India’s biggest success story has been Shikhar Dhawan. The 27-year old Delhi southpaw, who stormed into Test cricket with a blitzing knock against Australia in March, has continued his rich vein of form into the Champions Trophy, and has been a godsend for the team in relation the opening slot, which was an area of deep concern to the think-tank until recently. Even if he fails in the final, he is a strong candidate for being the player of the tournament. His starts at the top along with the talented but inconsistent Rohit Sharma – who has also found the opening position to his liking – have been pivotal in ensuring that the good work of the bowlers has not been wasted. Another player who appears to be improving with every game is Bhuvaneshwar Kumar. The lanky medium pacer’s ability to swing the ball both ways has led to him taking key wickets at the top while maintaining an impressive economy rate, and has risen to become India’s pace spearhead just six months after his debut. Ravindra Jadeja’s stifling spin bowling and the side’s sudden transformation into a high-class fielding side have also contributed to the India’s unbeaten run thus far.

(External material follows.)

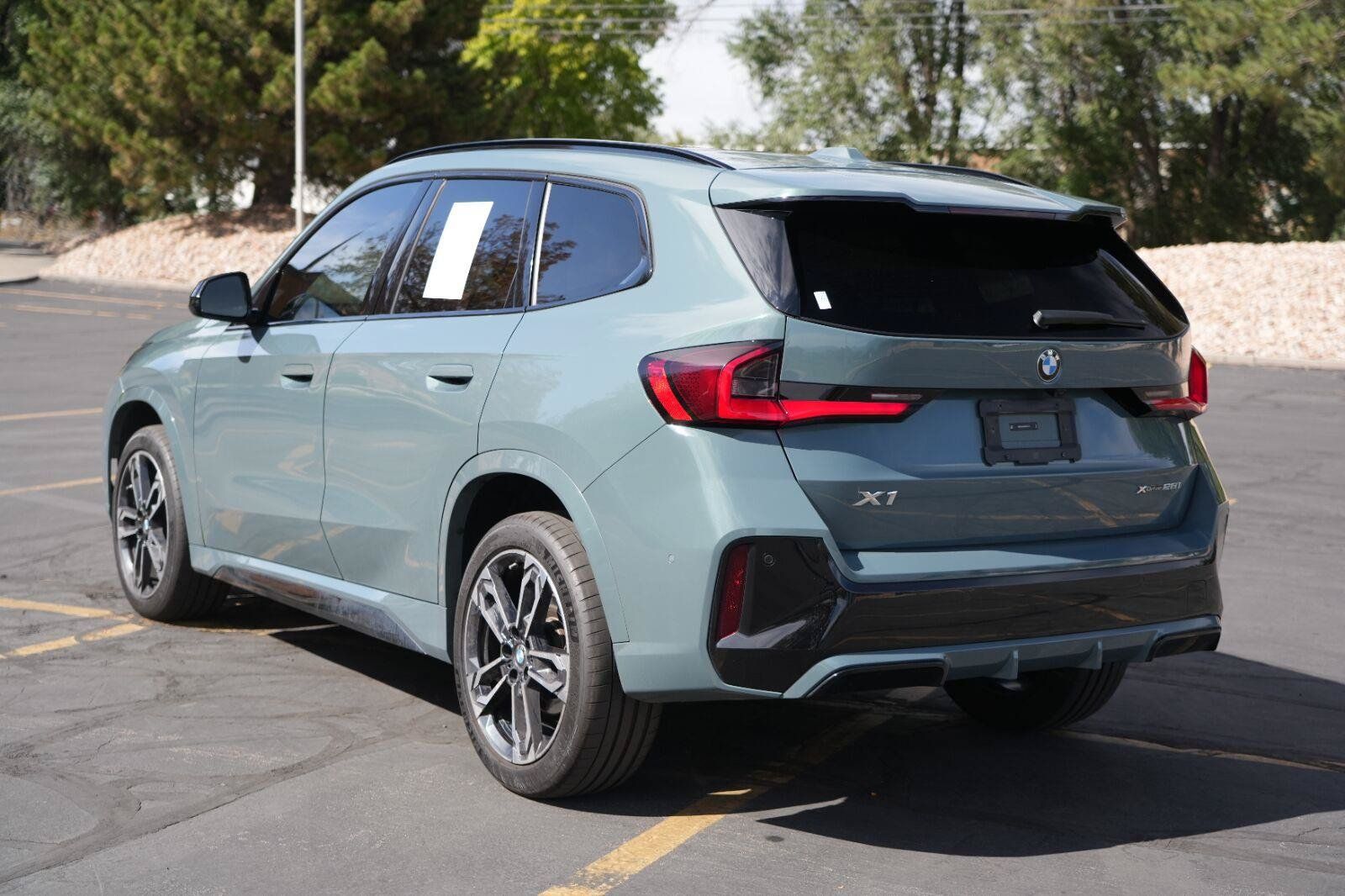 Used 2023 BMW X1 xDrive28i w/ M Sport Package AWD/4WD image 3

On the other hand, hosts England will come into the final as the only top team not to have won an ICC 50-overs tournament. Over the last couple of years, England have developed into a solid ODI team and at present are a much more improved unit than they have ever been since they pioneered one-day cricket more than four decades ago. Even in the absence of Kevin Pietersen, England have exploited familiar conditions, with the main performers being Jonathan Trott and James Anderson. Trott has made a mockery of those who consider his batting as ‘slow’ and ‘unattractive’ by churning out vital knocks at a strike rate of close to 90. His presence in the middle order in combination with England’s latest talent Joe Root have ensured that the team has not found wanting while batting in testing situations.

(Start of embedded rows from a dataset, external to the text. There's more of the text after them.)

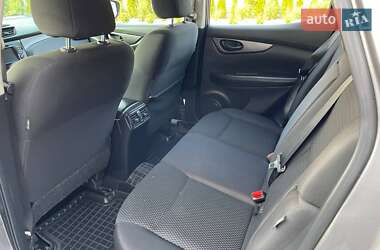 Позашляховик / Кросовер Nissan Rogue Sport 2022 в 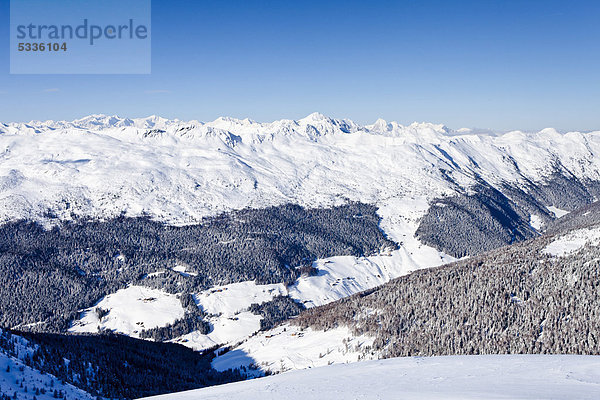 Ausblick vom Morgenrast-Gipfel oberhalb von Unterreinswald  hinten das Sarntal und dessen Gebirge  Südtirol  Italien  Europa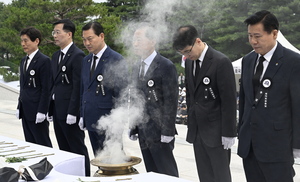 “대구는 역사 속 호국도시”…현충일 추념식 대구 앞산 충혼탑서 거행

In the bowling department, spearhead James Anderson’s form is sure to worry the Australians ahead of the Ashes. He was outstanding against New Zealand and South Africa, and has found support from the under-rated off-spinner James Tredwell. Anderson, who has been bowling quite splendidly this summer, has given England the sort of value that someone like Dale Steyn brings to South Africa, and quite a lot will depend upon his bowling spells in the final. The rest of the bowling attack has blown hot and cold though, and over-dependence on Anderson may prove costly against the in-form Indian top-order. Besides giving England their first major ODI title, a win will also put them in a very confident state of mind with the Ashes around the corner, though that is not to say that the focus of the team can afford to be shifted.

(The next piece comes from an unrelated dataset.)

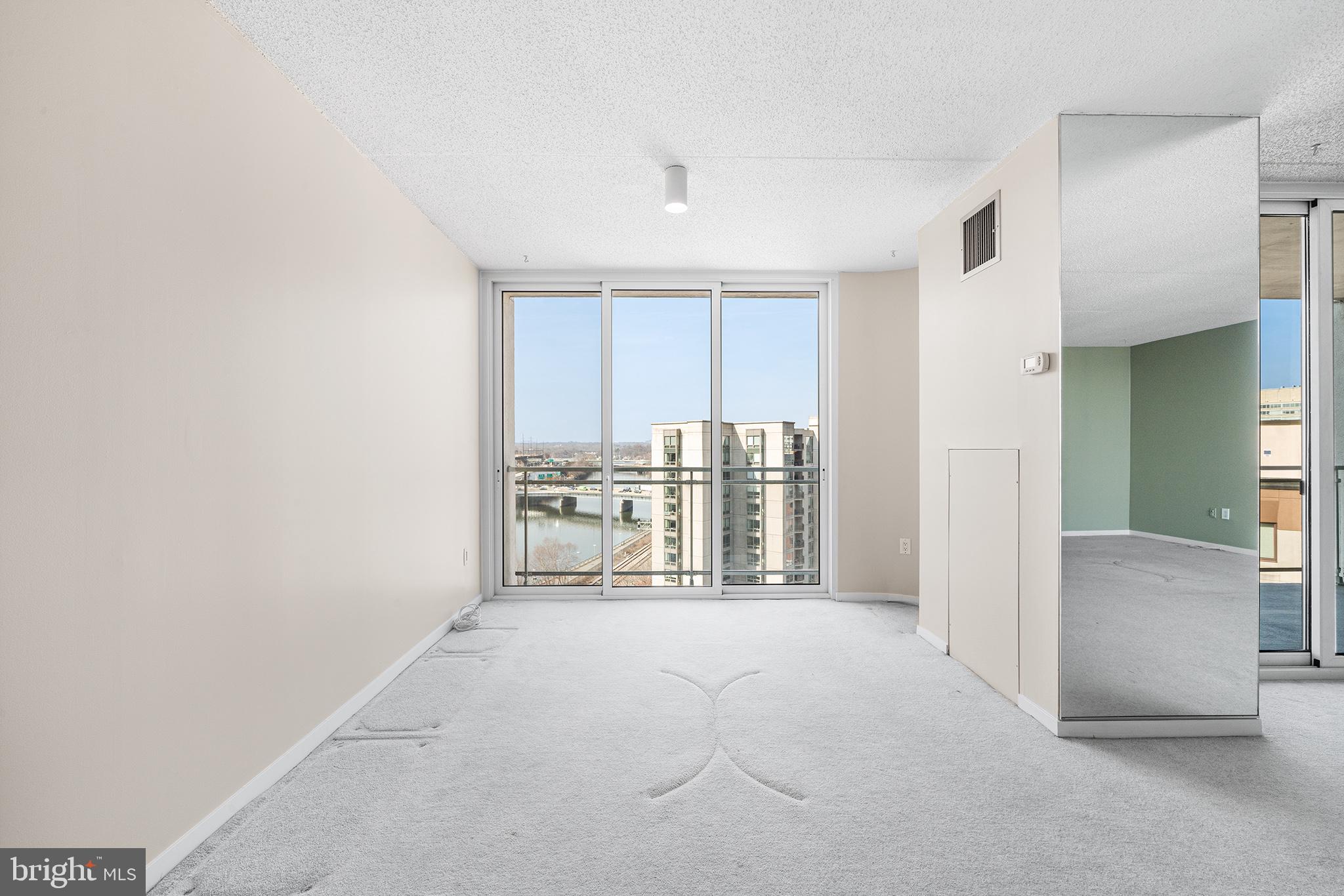 LOGAN CIRCLE - Residential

India have had two famous ODI successes in England – first when they won the 1983 World Cup and later the 2002 NatWest Tri Series, both at Lord’s, and at both times defying the odds. This is an opportunity to add to that list and also seal their status as the top-ranked ODI side. Whereas England have their best possible chance to win a rare title – the last time they came this close was when they finished runners up in the 2004 Champions Trophy, also at home.